Prediction value varies by call (predict_array)

Hello,

I tried to predict some classes with the resnext50 model using the following call sequence:

arr = np.stack(imagearrays)
arr = torch.FloatTensor(arr)
arr = arr.transpose(1,3).contiguous()
for ii in range(10):
    res = learn.predict_array(arr=arr)
    print("R:", res)

I get the following output, which slightly changes for each predict call:
R: [[-0.36225 -1.19109]]
R: [[-0.36265 -1.19016]]
R: [[-0.37965 -1.15233]]
R: [[-0.36384 -1.18745]]
R: [[-0.36067 -1.1947 ]]

I wonder if there is something happening behind the scences. I tried to set random.seed, load the model before each call, call learn.model(…) directly… it did not help.

Has someone an idea or experienced the same?

Edit: once I add the call “learn.model.eval()”, the output stays constant. But the prediction values are then way off, always predicting strongly a single class.

Thanks,

Christian

As you’ve found, you should call eval() before doing predictions. This disables dropout and learning for batch norm layers.

If your prediction values are way off, then double check to make sure your inputs are correctly normalized and preprocessed. (They need to be preprocessed in the exact same way as the images were when the model was trained.)

Yes, thanks for the hint. But in my case the input was fine. I found now another advice (https://discuss.pytorch.org/t/model-eval-gives-incorrect-loss-for-model-with-batchnorm-layers/7561/3). It seems that the model needs to process input for inference (not training) in order to adjust batch norm layers mean and std deviation values. Only after that the eval mode should be enabled. When I just presented a few images as input data several times, and then enabled eval mode, I got the expected constant results. I don’t know yet, if all will be fine when I present all training data before saving, and then later directly use the model in eval mode for prediction.

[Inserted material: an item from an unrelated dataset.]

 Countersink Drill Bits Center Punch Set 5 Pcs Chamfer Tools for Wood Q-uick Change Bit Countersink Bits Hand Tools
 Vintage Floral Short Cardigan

The batch norm layer’s moving averages are updated during training. In the beginning, when you just start out training the model, these averages may be very unstable. So when you run the model in evaluation mode you may see strange results. However, if that is the case you should see the same strange results every time.

As training proceeds, the averages should become more stable (as your model is learning more and therefore doesn’t see so many “surprises” anymore). If this does not happen, then your model may have problems learning (learning rate too high, for example).

It’s also possible your batch size is too small, so that the batch norm averages are updated on a single image or just a few images, making them more unpredictable (especially in the beginning).